I'm curious what river Hooked on Utah was fishing back in November. They titled it "South of Scipio". It had some salmon, cutbows, fat rainbows. It looked like a great river to teach my boys how to flyfish, not very many overhead trees, wide open river, and not very deep. If you know what river that was please share, you can PM if it's some super secret spot. Thanks, I really appriecate the info. -Blake


----------



## brookieguy1 (Oct 14, 2008)

Salmon?


----------



## Dodger (Oct 20, 2009)

It was the Green River above Flaming Gorge or a tributary to the Green River in Wyoming above Flaming Gorge. He did 2 shows up there but only said where he was for the first one. The Kokanee salmon give away where he was. No other water that big with salmon in it. 

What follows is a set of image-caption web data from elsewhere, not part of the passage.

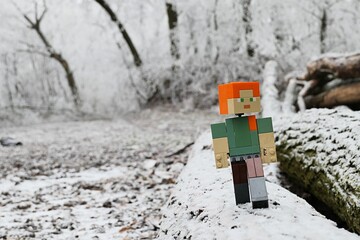 Fototapeta premium LEGO Minecraft action figure of female character Alex walking on chopped down tree logs in heavily frozen winter forest. 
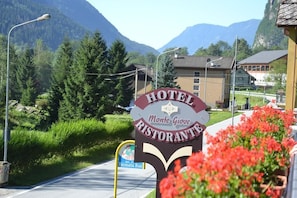 A hotel sign with 'HOTEL Monte Giove RISTORANTE' written on it, surrounded by greenery and mountains. - Hotel Monte Giove (Premia)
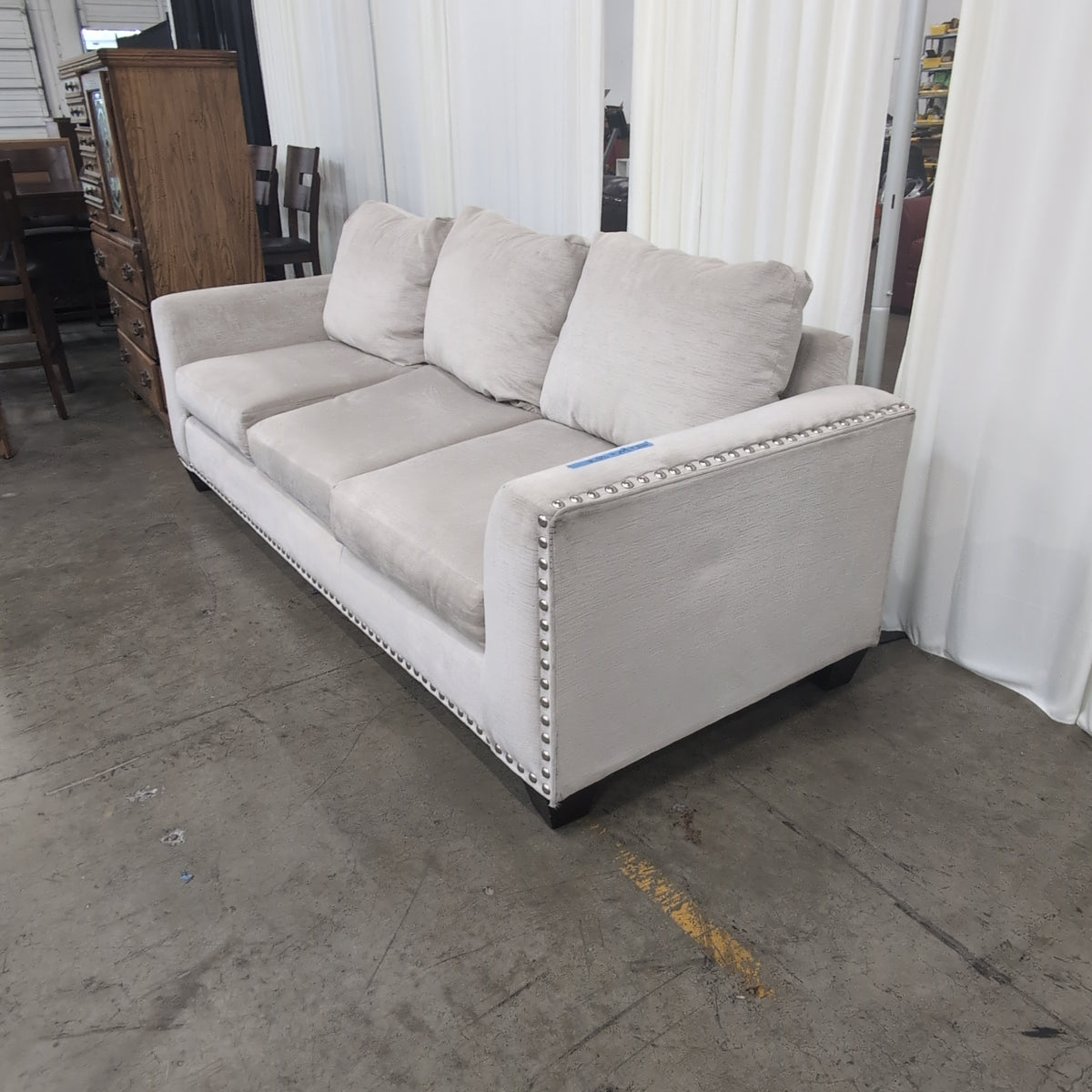 Light Beige Microfiber Couch with Nailhead Trim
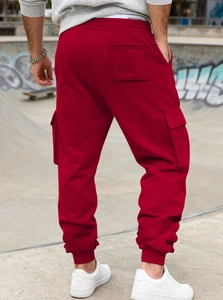 Rear view of red heavy-fleece cargo sweatpants featuring elastic cuffs and side pockets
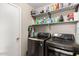 Laundry room featuring modern washer and dryer units with storage shelves above at 11133 E Dragoon Ave, Mesa, AZ 85208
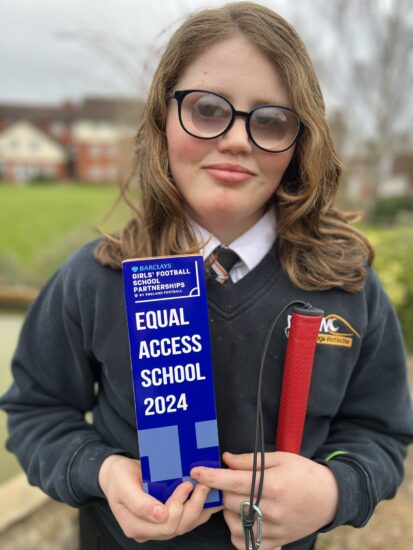 image of an NCW student with a vision impairment smiling at the camera whilst holding an award from Barclays "Equal Access School 24"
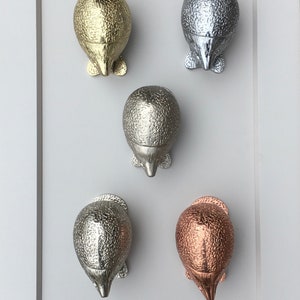 May include: Five decorative door knobs in the shape of a hedgehog. The knobs are made of metal and have a textured finish. The knobs are in different colors: gold, silver, nickel, copper, and bronze.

South of Scipio is a joke.


----------



## brookieguy1 (Oct 14, 2008)

South of Scipio is not a joke, it's a blatant lie. If you don't want a place disclosed that's good and fine, but don't make false statements as to where you were. Very untasteful, as that program tends to be anyway.


----------



## Dodger (Oct 20, 2009)

South of Scipio has been a running joke since the show started. It's what they say when they don't want to tell you where they are. It's not just like they started the joke with the November episodes. 

I watch the show but I don't really care for it. It feels more like a 30 minute commercial than an outdoor adventure. 

I'm not a very good hunter so I don't really see the silly things he does when he is hunting - I know he has at least one guide around every time. But he does some of the funniest things ever when he's fishing. Casting reels on spinning rods on downriggers, pop gear on backwards, etc. It makes it hard to take him seriously.


----------



## Airborne (May 29, 2009)

I guess I am one 'untasteful' dude, I never tell people where I am in the outdoors, standard answer-> secret canyon. If you hot spot your areas, be prepared for them to be overrun or ruined, nothing wrong with generalized fibbing when it comes to huntin/fishin areas. It's the way it should be.


----------



## wyogoob (Sep 7, 2007)

Dodger said:


> It was the Green River above Flaming Gorge or a tributary to the Green River in Wyoming above Flaming Gorge. He did 2 shows up there but only said where he was for the first one. The Kokanee salmon give away where he was. No other water that big with salmon in it.
> 
> South of Scipio is a joke.


Aren't most of the "Hooked on Utah" shows made in Wyoming?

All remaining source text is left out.